Conductance measurements were done by applying an a.c. signal with ~1 μV r.m.s. excitation around 1.3 MHz in the relevant source. The drain voltage was filtered using an LC resonant circuit and amplified by homemade voltage preamplifier (cooled to 1 K) followed by a room-temperature amplifier (NF SA-220F5).

For the thermoelectric current measurement, an alternating voltage V _H at frequency f ≈ 650 kHz was applied to contact H, giving rise to an upstream neutral modes with temperature proportional to \(\left| {V_{\mathrm{H}}} \right|\), producing a series of harmonics starting at 2f.
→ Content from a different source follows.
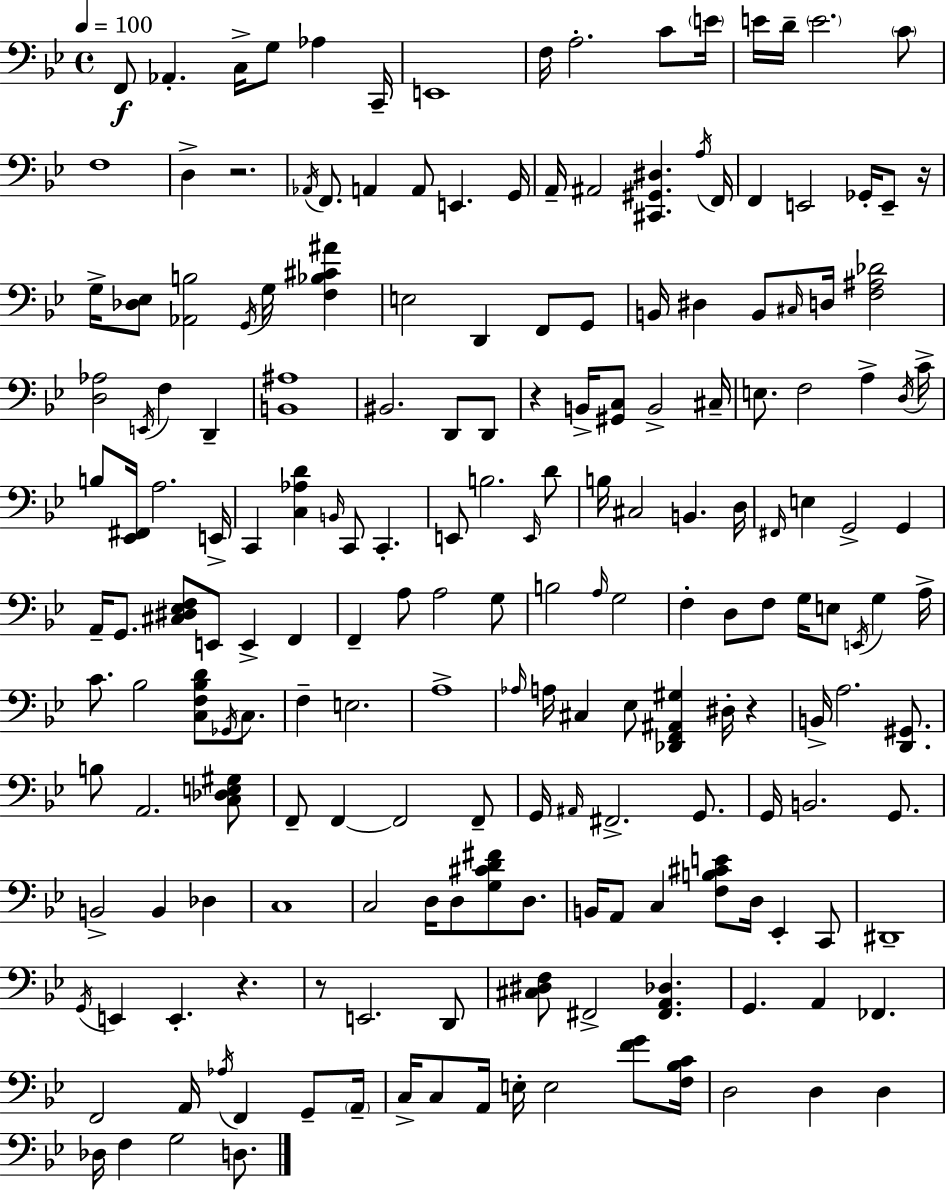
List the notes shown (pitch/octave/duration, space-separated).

The heat reaching the upper side of the QD generates an alternating thermoelectric current flowing to drain D1. The signal is then filtered using an LC circuit with a resonant frequency at 2f = 1.3 MHz amplified by a homemade voltage cold amplifier followed by a room temperature amplifier, and finally reaching a lock-in amplifier set to measure at frequency 2f. The thermoelectric current was measured by sweeping the plunger gate for a given V _H amplitude and then averaging the peak-to-peak thermoelectric current of more then 20 consecutive oscillations. The QD is in the metallic regime \({\mathrm{\Delta }}E \ll k_{\mathrm{B}}T \ll e^2{\mathrm{/}}C\) where the temperature is above the level spacing ΔE and below the charging energy e ²/k _B C = 290 mK (see Coulomb diamond measurement in Supplementary Note 3).

Data availability

The data that support the plots within this paper and other findings of this study are available from the corresponding author upon request.